Elsevier

Aquatic Botany

Volume 89, Issue 2, August 2008, Pages 201-219
Aquatic Botany

Review
Organic carbon dynamics in mangrove ecosystems: A review

https://doi.org/10.1016/j.aquabot.2007.12.005Get rights and content

Abstract

Our current knowledge on production, composition, transport, pathways and transformations of organic carbon in tropical mangrove environments is reviewed and discussed. Organic carbon entering mangrove foodwebs is either produced autochthonously or imported by tides and/or rivers. Mangrove litter and benthic microalgae are usually the most important autochthonous carbon sources. Depending on local conditions, phytoplankton and seagrass detritus imported with tides may represent a significant supplementary carbon input. Litter handling by the fauna not only affects microbial carbon transformations, but also the amount of organic carbon available for export. Most mangrove detritus that enters the sediment is degraded by microorganisms. Aerobic respiration and anaerobic sulfate reduction are usually considered the most important microbial respiration processes, but recent evidence suggests that iron respiration may be important in mangrove sediments as well. Organic carbon that escapes microbial degradation is stored in sediments and in some mangrove ecosystems, organic-rich sediments may extend to several meters depth. Many mangrove forests also lose a significant fraction of their net primary production to coastal waters. Large differences occur between mangrove forests with respect to litter production and export. Mangrove-derived DOC is also released into the water column and can add to the total organic carbon export. Numerous compounds have been characterized from mangrove tissues, including carbohydrates, amino acids, lignin-derived phenols, tannins, fatty acids, triterpenoids and n-alkanes. Many of these may, together with stable isotopes, exhibit a strong source signature and are potentially useful tracers of mangrove-derived organic matter. Our knowledge on mangrove carbon dynamics has improved considerably in recent years, but there are still significant gaps and shortcomings. These are emphasized and relevant research directions are suggested.

Introduction

Mangrove forests are known to be highly productive ecosystems with the capacity to efficiently trap suspended material from the water column. Litter from trees (leaves, propagules and twigs) and subsurface root growth provide significant inputs of organic carbon to mangrove sediments (Alongi, 1998). Litterfall is likely to represent about one third of the net primary production (Alongi et al., 2005a). A range of other sources may also provide important organic carbon inputs; including allochthonous riverine or marine material (e.g., seagrasses), autochthonous production by benthic or epiphytic micro- or macroalgae, and local water column production by phytoplankton (Bouillon et al., 2004). As a consequence, mangrove environments are sites of intense carbon processing with a potentially high impact to the global carbon budget (Borges et al., 2003, Dittmar et al., 2006, Alongi, 2007).

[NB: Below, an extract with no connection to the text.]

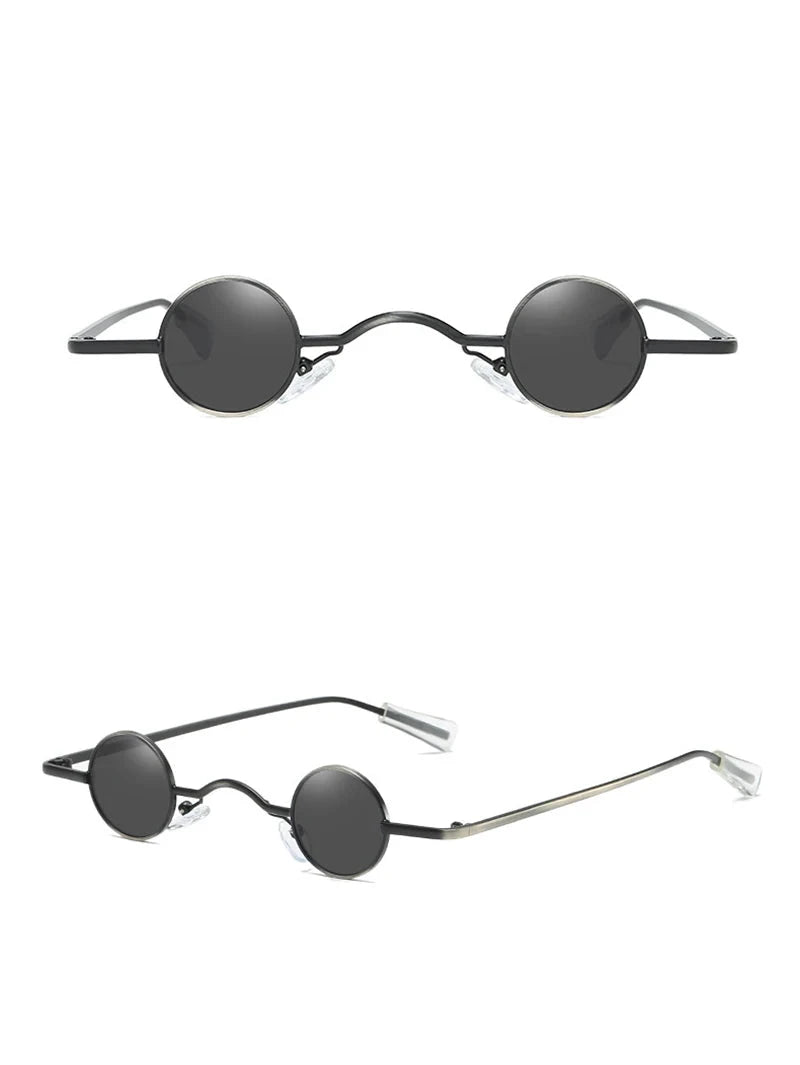 'Mothman's Shadow' Sunglasses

Mangrove-derived detritus is an important food source for decomposer food webs including many macroinvertebrates, such as sesarmid crabs (Grapsidae) that are notable in their ability to consume mangrove litter (Fratini et al., 2000, Cannicci et al., 2008). The more moderate, but in many cases considerable input of local or imported algal detritus is consumed by other animal species such as fiddler crabs (Ocypodidae) and various gastropods (Bouillon et al., 2002, Kristensen and Alongi, 2006). Irrespective of the pathways of organic matter consumption and food web structure, all organic matter that is not exported by tidal action enters the sediment where it is consumed, degraded and chemically modified. The degradation of organic matter in mangrove sediments is mediated by both aerobic and anaerobic microbial processes using a variety of electron acceptors. A fraction of mangrove detritus escapes degradation and is permanently buried within the mangrove sediments or adjacent ecosystems. While some mangrove forests largely retain detritus within their sediments (i.e. as degradation or burial), others lose a major fraction of their net primary production to adjacent coastal waters mainly through tidal forcing. Because of the regular tidal flooding and draining in many mangrove forests, the material exchange with adjacent waters can be very efficient.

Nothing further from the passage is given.